Reproduce exactly the lines from the one that holds "White BG Pool Warehouse Brand Logo" through the last line of the entries, both ends included, but not the pictures.
******
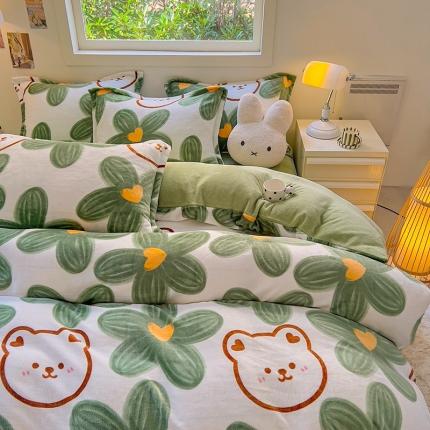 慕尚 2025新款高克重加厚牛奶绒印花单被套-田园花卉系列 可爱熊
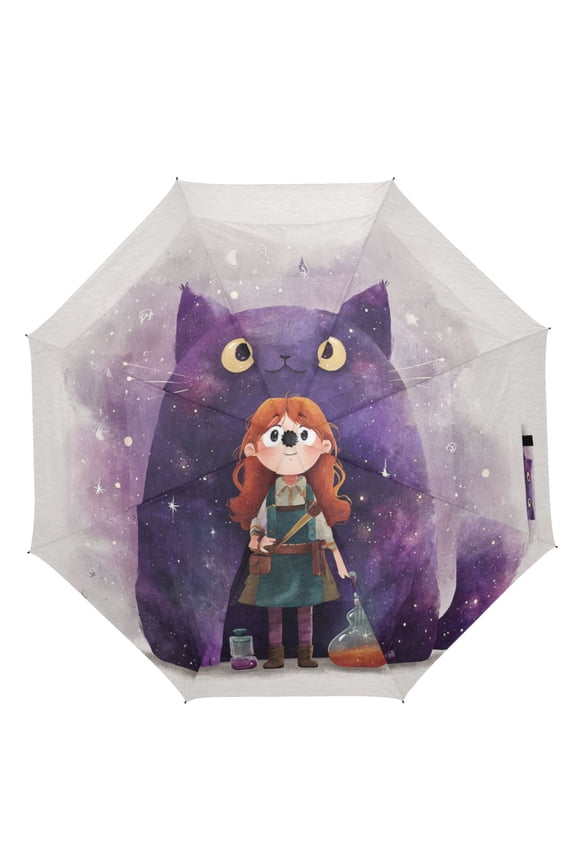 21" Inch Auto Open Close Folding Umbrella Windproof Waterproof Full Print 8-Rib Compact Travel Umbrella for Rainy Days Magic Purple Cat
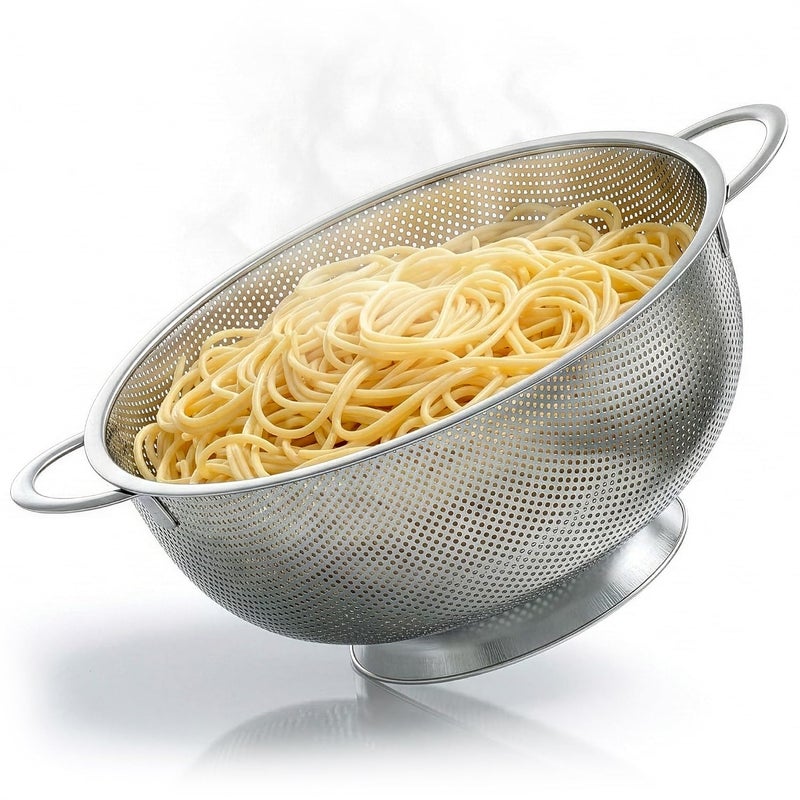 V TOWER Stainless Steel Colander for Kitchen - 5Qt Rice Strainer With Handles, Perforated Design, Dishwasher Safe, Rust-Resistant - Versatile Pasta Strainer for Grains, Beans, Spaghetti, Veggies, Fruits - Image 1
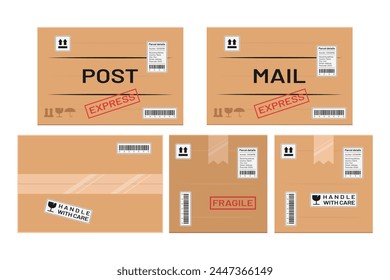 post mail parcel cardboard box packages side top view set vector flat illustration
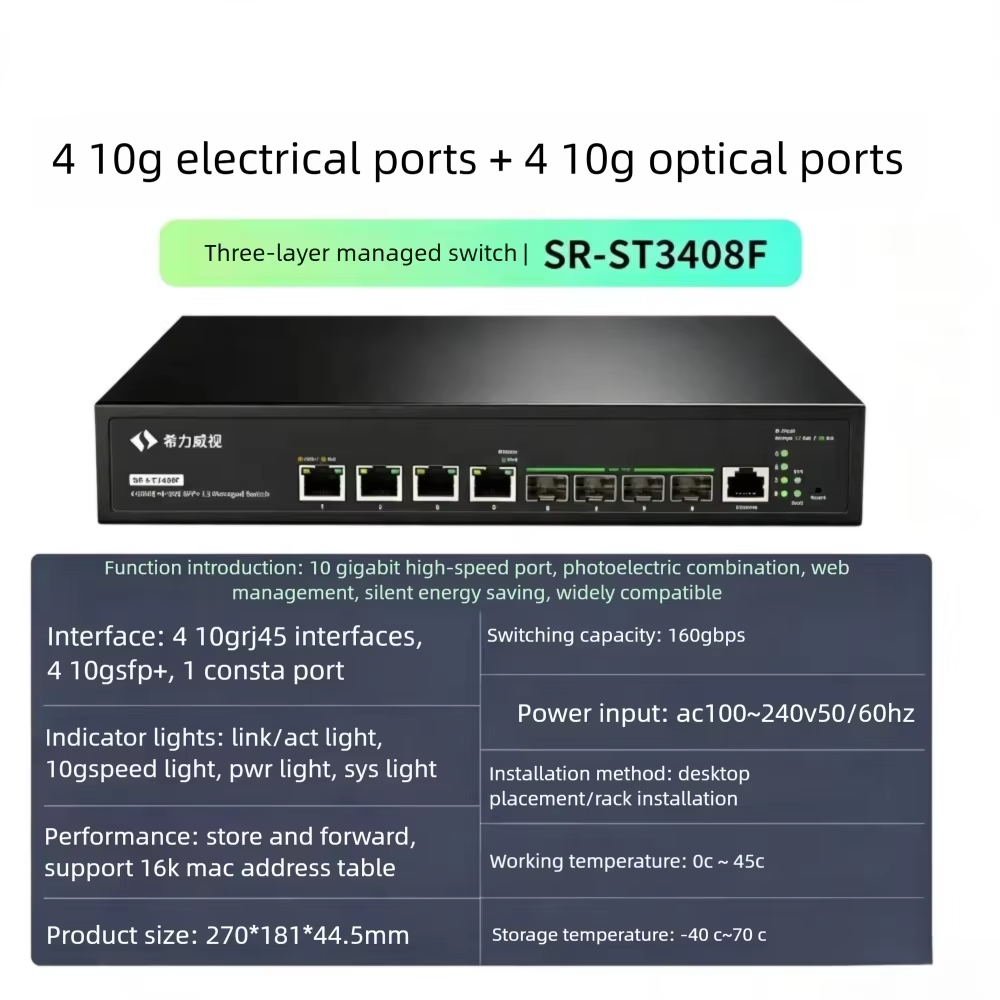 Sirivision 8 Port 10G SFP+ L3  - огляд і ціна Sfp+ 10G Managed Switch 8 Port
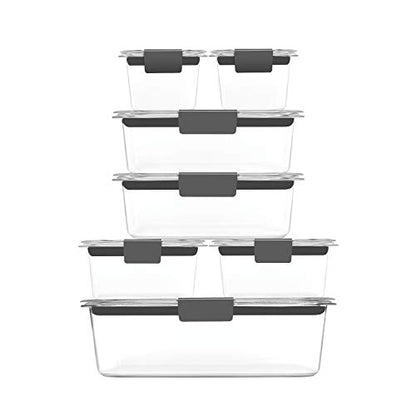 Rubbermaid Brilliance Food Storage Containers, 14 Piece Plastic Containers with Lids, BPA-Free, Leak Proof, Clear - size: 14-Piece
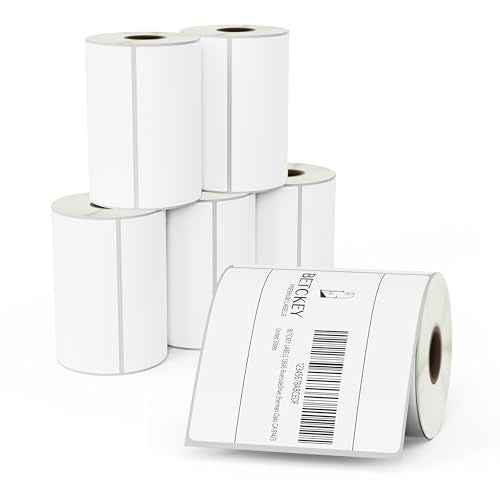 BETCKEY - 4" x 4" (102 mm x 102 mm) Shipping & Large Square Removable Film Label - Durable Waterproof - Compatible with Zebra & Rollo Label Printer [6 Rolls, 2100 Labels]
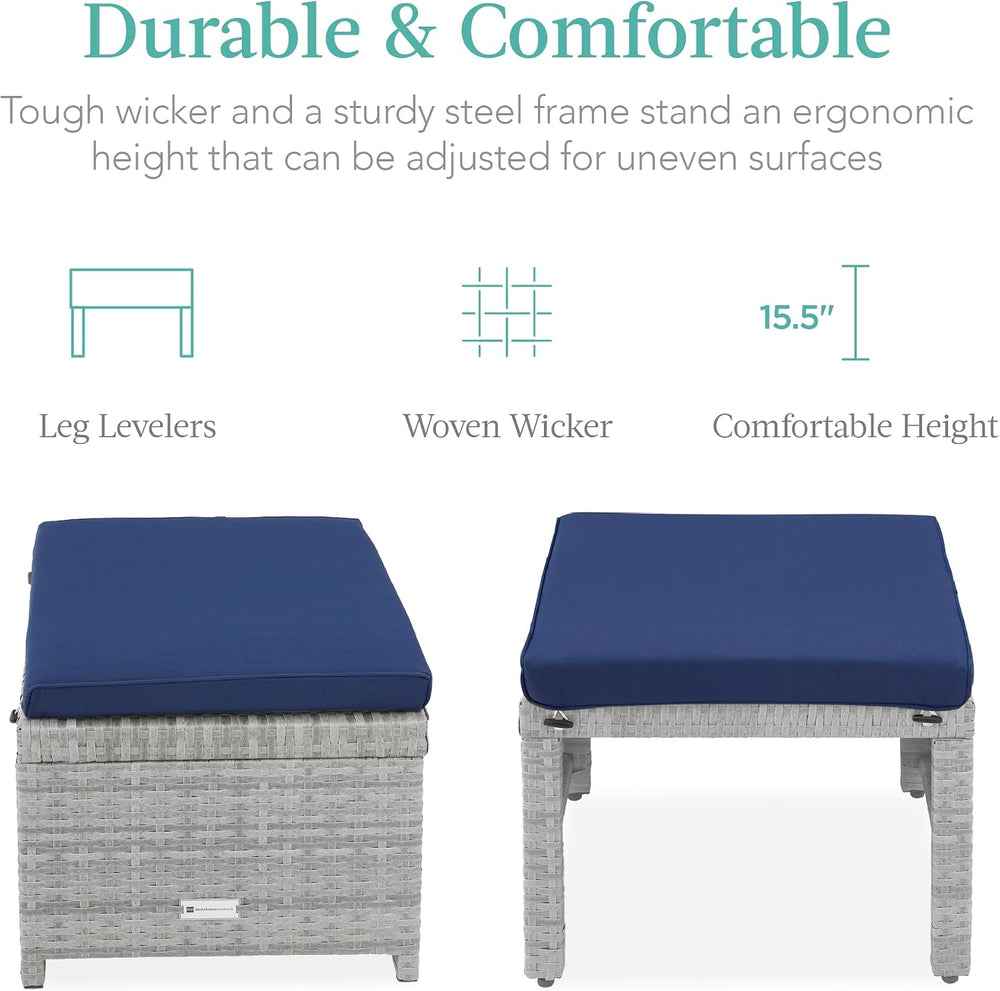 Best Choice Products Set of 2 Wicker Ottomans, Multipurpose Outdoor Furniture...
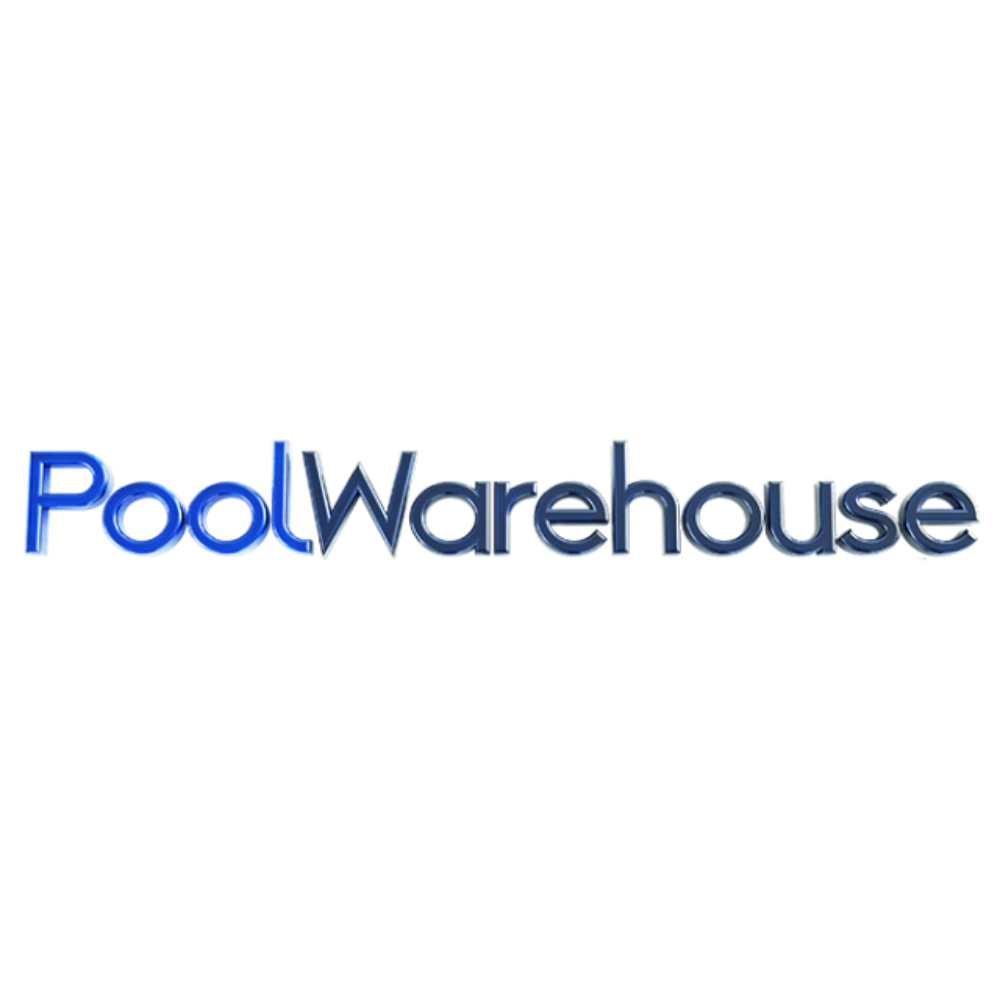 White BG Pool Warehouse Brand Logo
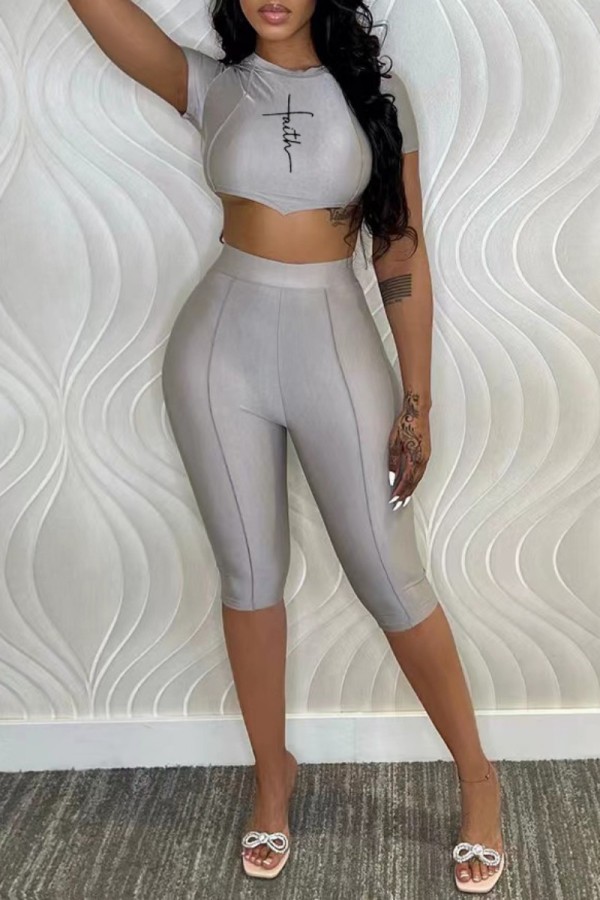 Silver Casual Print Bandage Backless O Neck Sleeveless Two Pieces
******
FINISHED TASK:
 White BG Pool Warehouse Brand Logo
 Silver Casual Print Bandage Backless O Neck Sleeveless Two Pieces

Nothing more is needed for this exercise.